C’è modo e modo di far le cose: e quello che si sceglie, di solito fa la differenza nel risultato finale. È quel che viene da pensare alla notizia che Equitalia ha deciso di non procedere a pignoramenti sui conti correnti dei lavoratori dipendenti e dei pensionati (con stipendi e indennità fino ad un generoso limite di 5mila euro al mese) per riscuotere un credito fiscale. Prima di bloccare i conti bancari, gli agenti della riscossione dovranno procedere ai pignoramenti presso i datori di lavoro o i relativi enti previdenziali, ma solo quando saranno certi che lo stipendio o la pensione superi l’ammontare di 5mila euro mensili.
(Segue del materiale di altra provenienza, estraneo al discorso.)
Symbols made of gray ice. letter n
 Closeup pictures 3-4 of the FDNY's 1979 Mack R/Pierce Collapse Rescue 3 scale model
Una misura, questa, meno vessatoria della precedente: un conto è richiedere i soldi dovuti, un altro è quello di “entrare” come in un saloon nei conti correnti bancari, strumenti vitali per una famiglia dove i redditi si mescolano ai risparmi. Ed è da leggere con una certa soddisfazione anche la decisione di… dare un voto alla fedeltà fiscale dei contribuenti: in modo che si sappia immediatamente chi è sempre stato ligio al dovere, e chi è invece abituato a scappatelle fiscali più o meno intense.
Questo rating del contribuente sarà assegnato ad ogni codice fiscale e partita Iva, e si baserà pure sulla “propensione” di certe figure professionali a dichiarazioni fiscali o ad operazioni non sempre limpide e corrette. Si spera che questo sia il viatico per un Fisco più attento a certe dichiarazioni dei redditi assolutamente scandalose (fa strano che, per molti anni, il titolare di un’attività commerciale dichiari meno dei propri commessi. O no?) che agli errori formali di un pensionato da mille euro al mese.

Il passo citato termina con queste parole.